Do Sparse Subnetworks Exhibit Cognitively Aligned Attention? Effects of Pruning on Saliency Map Fidelity, Sparsity, and Concept Coherence
Sanish Suwal, Dipkamal Bhusal, Michael Clifford, Nidhi Rastogi
TL;DR
This work investigates how magnitude-based pruning with iterative fine-tuning affects interpretability in a ResNet-18 trained on ImageNette. The authors quantify interpretability using post-hoc explanations (Vanilla Gradients and Integrated Gradients) and fidelity metrics (ROAD MoRF and AOPC), alongside concept-level analysis with CRAFT, under a global pruning regime with mask $M$ and surviving weights $\theta\cdot M$. They find that light-to-moderate pruning sharpens saliency maps and preserves semantically coherent concepts, while aggressive pruning merges diverse features and degrades concept coherence, despite accurate predictions.
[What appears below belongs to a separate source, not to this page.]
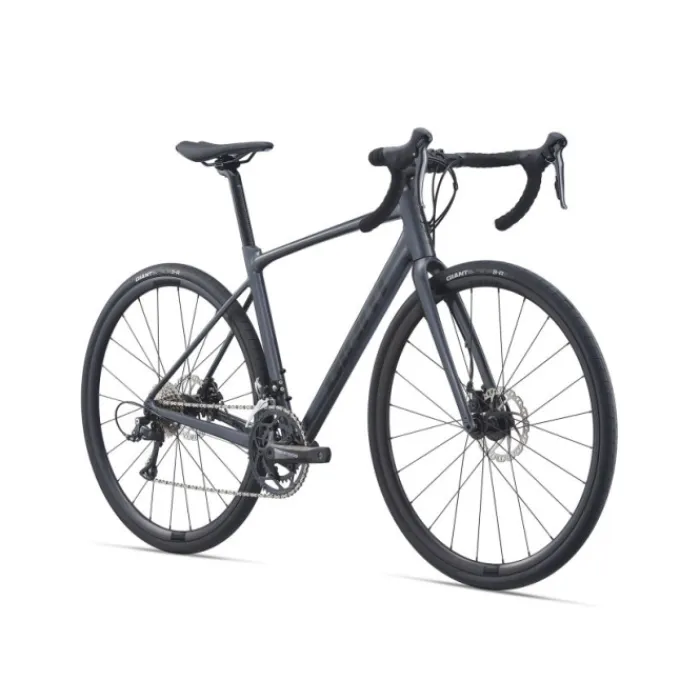 giant_contend_ar__charcoa_1.webp GIANT Mens*Contend AR 4 Charcoal 2022 - Medium Large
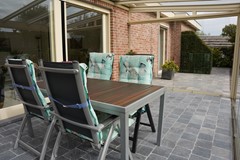 302Oostburg KWL park 38 (25).JPG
These results imply that pruning can align human-aligned attention patterns under a careful sparsity regime, informing principled pruning strategies where interpretability is important.
Abstract
Prior works have shown that neural networks can be heavily pruned while preserving performance, but the impact of pruning on model interpretability remains unclear. In this work, we investigate how magnitude-based pruning followed by fine-tuning affects both low-level saliency maps and high-level concept representations. Using a ResNet-18 trained on ImageNette, we compare post-hoc explanations from Vanilla Gradients (VG) and Integrated Gradients (IG) across pruning levels, evaluating sparsity and faithfulness. We further apply CRAFT-based concept extraction to track changes in semantic coherence of learned concepts. Our results show that light-to-moderate pruning improves saliency-map focus and faithfulness while retaining distinct, semantically meaningful concepts. In contrast, aggressive pruning merges heterogeneous features, reducing saliency map sparsity and concept coherence despite maintaining accuracy. These findings suggest that while pruning can shape internal representations toward more human-aligned attention patterns, excessive pruning undermines interpretability.